Two Evil Eyes

A new trailer has arrived for The Eye, an upcoming remake of the 2002 supernatural chiller (Gin Gwai) by Hong Kong twin directors Danny and Oxide Pang. The flick's about a concert violinist in her twenties, blind since childhood, who undergoes a corneal transplant and finds herself seeing some fairly creepy stuff after the bandages come off. The Eye made it to U.S. theaters in 2003 for a limited run and was spoken of relatively well, if not especially profitable.
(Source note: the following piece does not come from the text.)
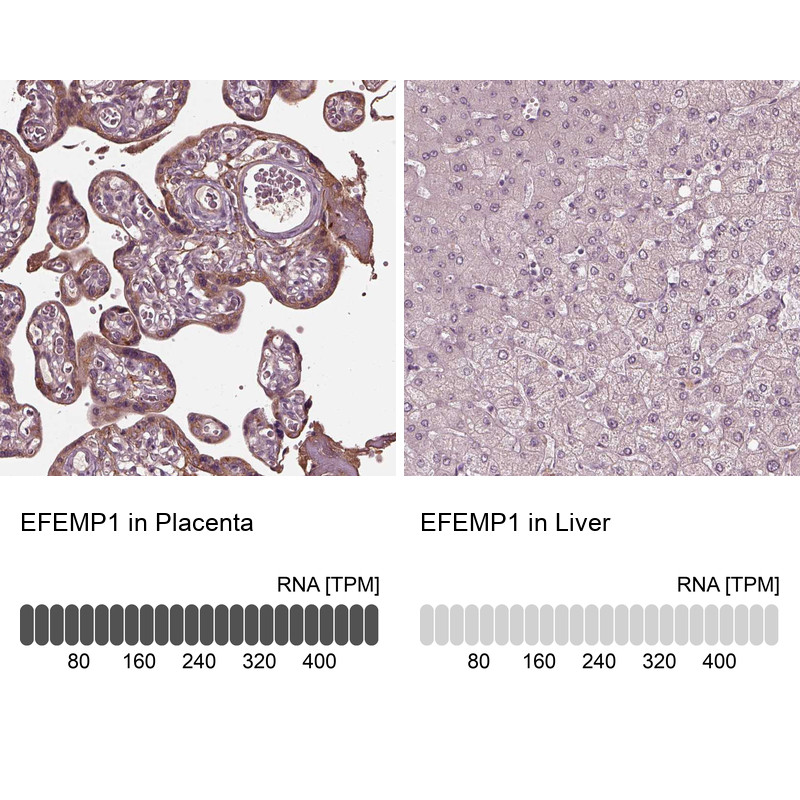 Immunohistochemistry analysis in human placenta and liver tissues using HPA070841 antibody. Corresponding EFEMP1 RNA-seq data are presented for the same tissues.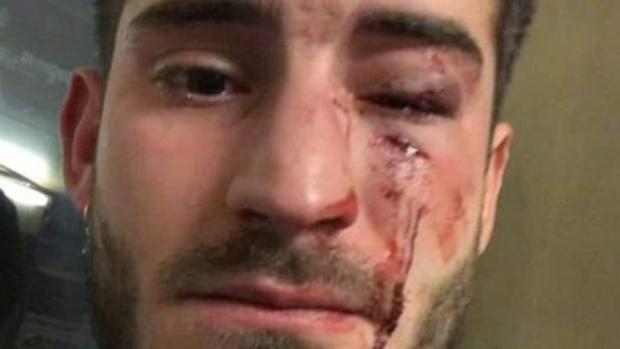 El joven ha compartido en redes sociales las heridas que le ha causado la brutal agresión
I was never precisely sure why folks liked it, but The Ring remake had hit American theaters in 2002, and there was a nascent interest in Asian-inspired horror among the mainstream - and mainstream The Eye is.
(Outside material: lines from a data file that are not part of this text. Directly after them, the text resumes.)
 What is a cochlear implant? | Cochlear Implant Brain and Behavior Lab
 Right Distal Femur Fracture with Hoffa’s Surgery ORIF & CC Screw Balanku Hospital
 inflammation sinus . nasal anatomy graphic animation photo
It's fair to look at and decently put together, but transparently unoriginal, 35% cribbed from The Sixth Sense, released only a few years earlier and certainly still within audience memory. The other 65%? Michael Apted's 1994 Blink, starring Madeleine Stowe and Aidan Quinn. Stowe plays a blind fiddler who undergoes a corneal transplant, long story short, creepy stuff. To be thorough, both Blink and The Eye also owe a clear debt to The Hands of Orlac, Mad Love, and a longstanding cinematic tradition of evil transplants, but The Eye marks its 1990s influences pretty clearly on its sleeve.

The Eye has already been remade - Indian filmgoers got to see Naina, Shripal Morakhia's take on the story. Though I haven't seen it, reports are that it's both somewhat shoddy and almost note-for-note copied from the original. Naina hit Bombay theaters on May 20th of 2005, the same day as a flick called Nazar, about a young lady who suffers visions and comes to realize she's borrowing the perceptual span of a killer - in short, an adaptation of The Eyes of Laura Mars (1978), a likely influence on much of this borrowed-sight oeuvre.

The new Eye has been in the works for a while, and Ringu director Hideo Nakata was given the job way back when Renée Zellweger was set to star. Zellweger and Nakata left with a production shakeup. Jessica Alba got the part, and Nakata was eventually replaced with David Moreau and Xavier Palud, who made Ils (Them) in 2006.

The talent behind the fine new wave of French horror is being swallowed up by Hollywood even more quickly than the Japanese horror directors were assimilated. Moreau and Palud, like Xavier Gens (imported to make Hitman after directing Frontière(s)), were brought Stateside after a single film. Alexandre Aja made it all the way to two features before he showed up on U.S. shores. Fabrice du Welz, after a single feature (Calvaire), has an upcoming English-language gig called Vinyan, starring Rufus Sewell and Emmanuelle Béart. Shhh, nobody tell producers he's Belgian.